As part of BET News documentary Katrina 10 Years Later: Through Hell in High Water, Jeff Johnson recently sat down with Pierce to talk about the storm’s impact and his efforts to revitalize and rebuild his community.
This is an edited and condensed transcript of that conversation.
Jeff Johnson: You’ve talked about the history of Pontchartrain Park, this place where African-Americans could live post-World War II in a way they couldn’t anywhere else. What did it mean for you growing up?
Wendell Pierce: It was a really great place to grow up, and there was such a focus on education. It was expected that you went to college. My teachers lived in the neighborhood. My mother taught in the neighborhood. I was known for years as Mrs. Pierce’s son. That was my first name, Mrs. Pierce’s son, so it was a very special place.
Wendell Pierce: When I came here, I came and saw the destruction in Pontchartrain Park, I just thought about everything my parents and their generation had done to get here. It became an incubator of Black talent — lawyers, doctors, and it would be blasphemous for us to let this neighborhood go. That’s when I personally looked at my parents and said they will not die before getting back in that house. They said, "Oh, we don’t have to go back." I said if you don’t want to go back once I build it, then that’s fine, but I’m going to do everything possible to get you back in there.
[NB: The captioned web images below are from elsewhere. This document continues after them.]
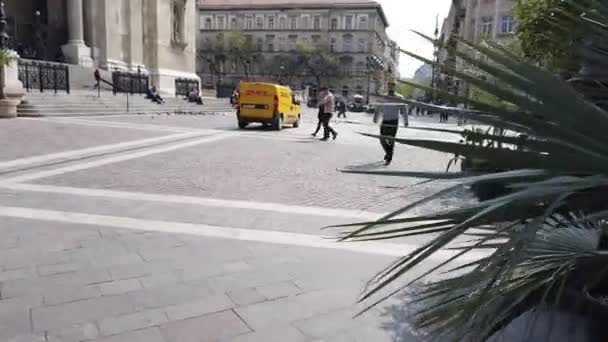 Budapest, Ungern-april 10, 2019: gå längs huvudgatan i Budapest till Szent Istvan ter nära Szent Istvan Kiraly bazilika på vår i dag — Stockvideo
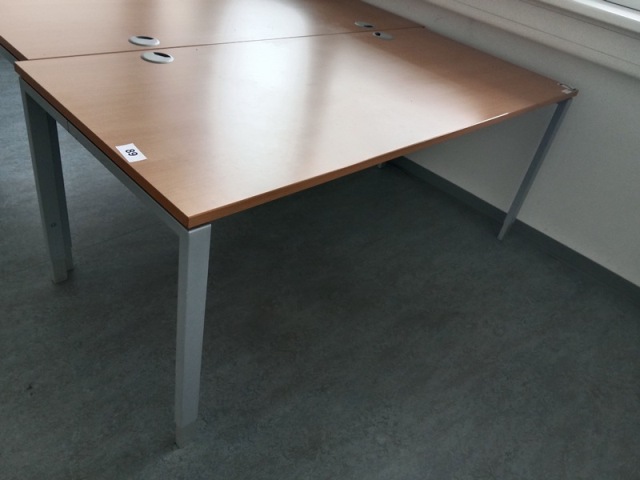 Hali Schreibtisch, ca. 180 x 80 cm?d=2026-10-29 17:30:05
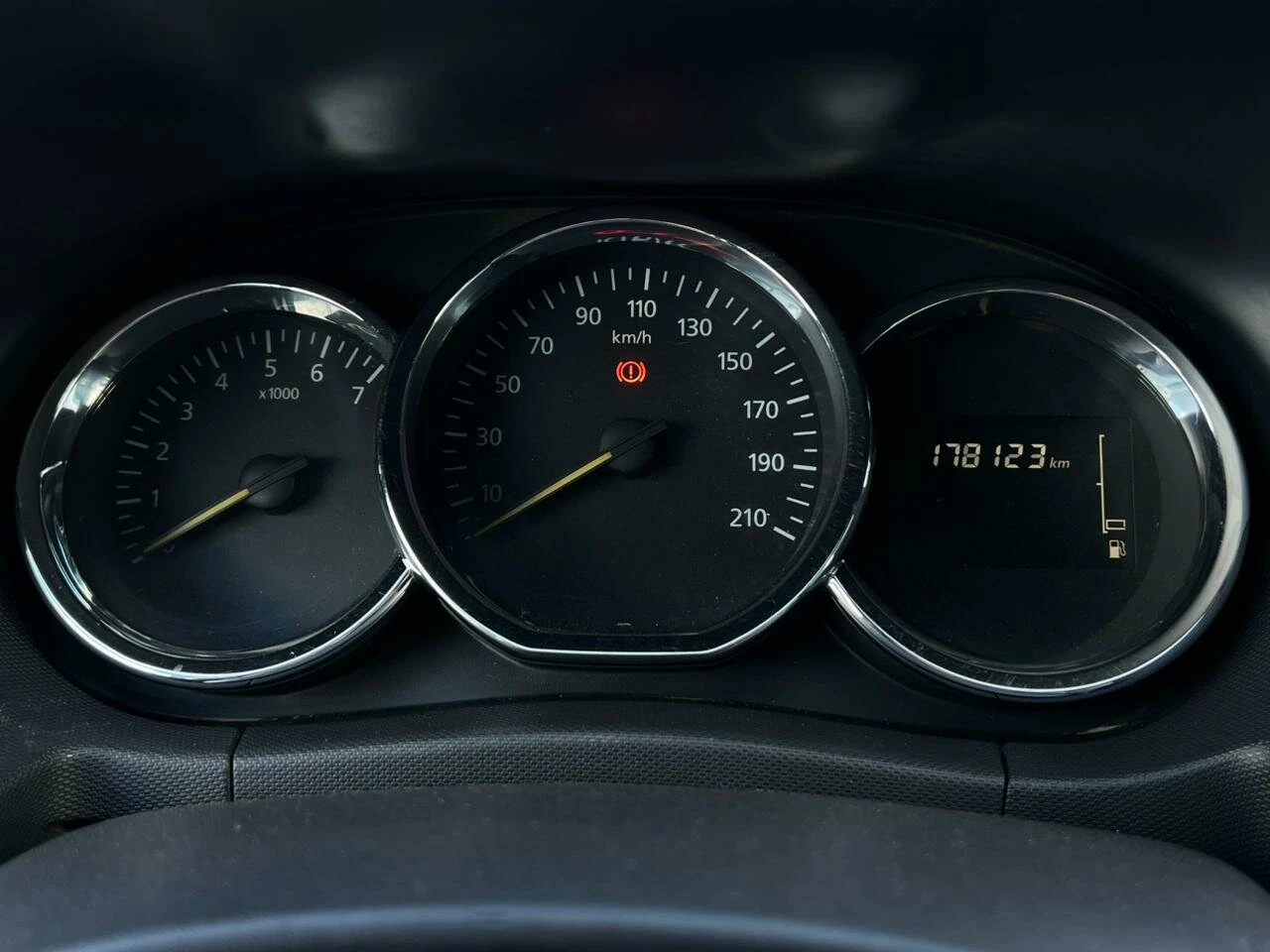 Renault Duster, 2020г, полный привод, механика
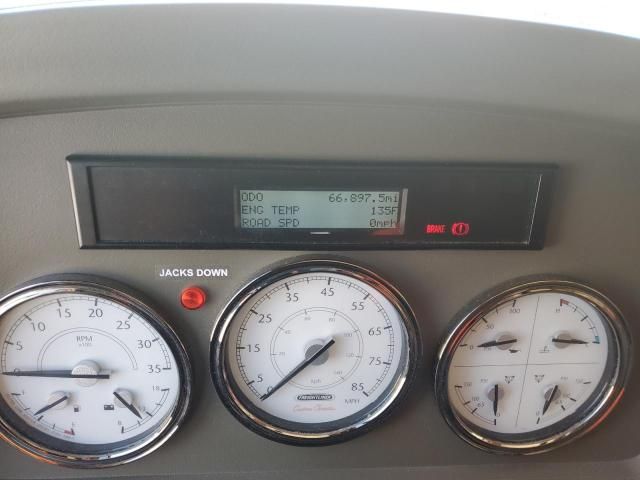 2009 Freightliner Chassis XC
That was my personal mantra, and a year later, they were back home.
I got my parents in, and then friends and neighbors came to me and said, "You got your parents back in, we need your help. We need your platform."
It was something that was important, and I said, "Well, we have the resources ourselves. We can do this ourselves." I said, "Let’s exercise our right of self-determination." I literally called a community meeting and said, "All right, here’s the deal. We’re going to reconstitute our neighborhood association. We’re going to put together our own development corp. We’re going to make it a community development corporation, a nonprofit that allows us to access different revenue streams." Pontchartrain Park CDC was born, community development corp.
It was a short learning curve for me as I got into learning how to develop a neighborhood. I live in New York and Los Angeles. I’m an actor, but now I’m going to get involved in rebuilding my neighborhood and the very people that came and asked me have since moved on. They haven’t rededicated themselves to trying to come back. So my anger and frustration gets the better of me a lot of the times, but if I really want to honor my parents, it’s not giving up.
WENDELL PIERCE: It is the African-American aesthetic: in spite of the challenge, in spite of the oppression, I will survive. And that’s on display in New Orleans, and that’s the reason 10 years after the fact, we are back to where we are.
The Wind in the Reeds will be published by Riverhead Books on Sept. 8.